Required action - Output exactly, and only, the lines below from the one with "Powhatan Rural Historic District" down to the one with "Good Catholic Boy turned Pagan - Meet Rashi". Include both end lines and no pictures.

Material to process -
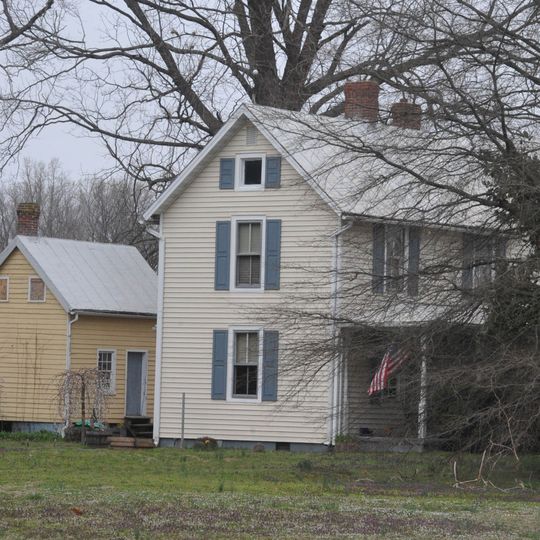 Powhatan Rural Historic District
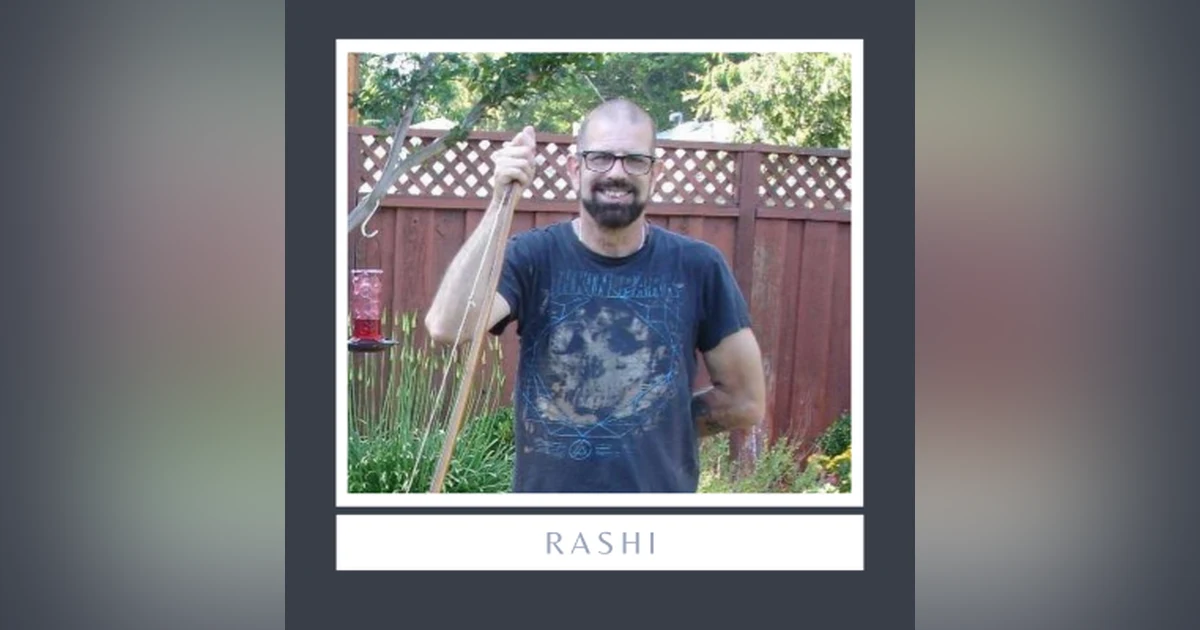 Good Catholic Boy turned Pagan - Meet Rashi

---

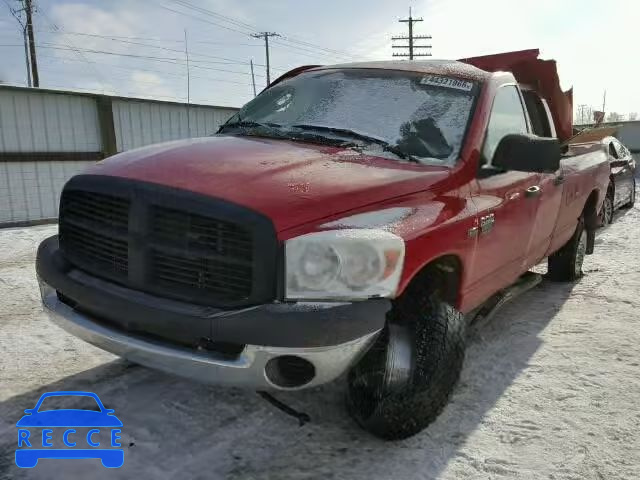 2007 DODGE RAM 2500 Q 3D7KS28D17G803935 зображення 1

--

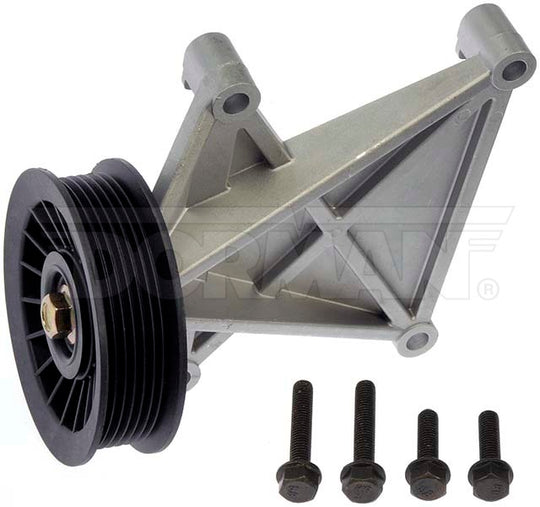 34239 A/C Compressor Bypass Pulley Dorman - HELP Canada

Final answer -
 Powhatan Rural Historic District
 Good Catholic Boy turned Pagan - Meet Rashi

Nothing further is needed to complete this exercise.